RECORDS TO PROCESS.
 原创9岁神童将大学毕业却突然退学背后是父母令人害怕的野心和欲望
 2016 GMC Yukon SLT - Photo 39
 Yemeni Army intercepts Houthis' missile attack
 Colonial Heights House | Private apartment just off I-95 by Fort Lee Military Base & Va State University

...

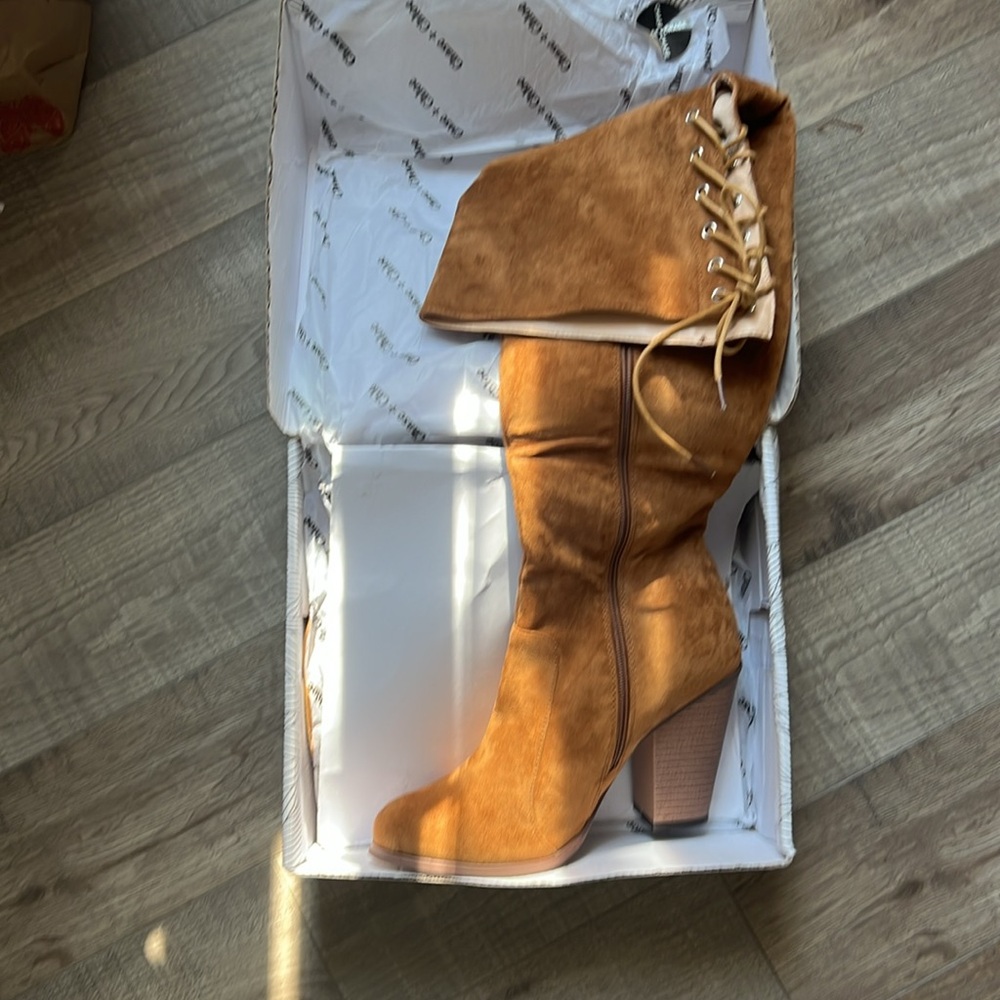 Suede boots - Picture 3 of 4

TASK TO COMPLETE. Set down, from the entries above, exactly the lines from the one with "原创9岁神童将大学毕业却突然退学背后是父母令人害怕的野心和欲望" up to and including the one with "Colonial Heights House", and no other lines.

ANSWER BOX.
 原创9岁神童将大学毕业却突然退学背后是父母令人害怕的野心和欲望
 2016 GMC Yukon SLT - Photo 39
 Yemeni Army intercepts Houthis' missile attack
 Colonial Heights House | Private apartment just off I-95 by Fort Lee Military Base & Va State University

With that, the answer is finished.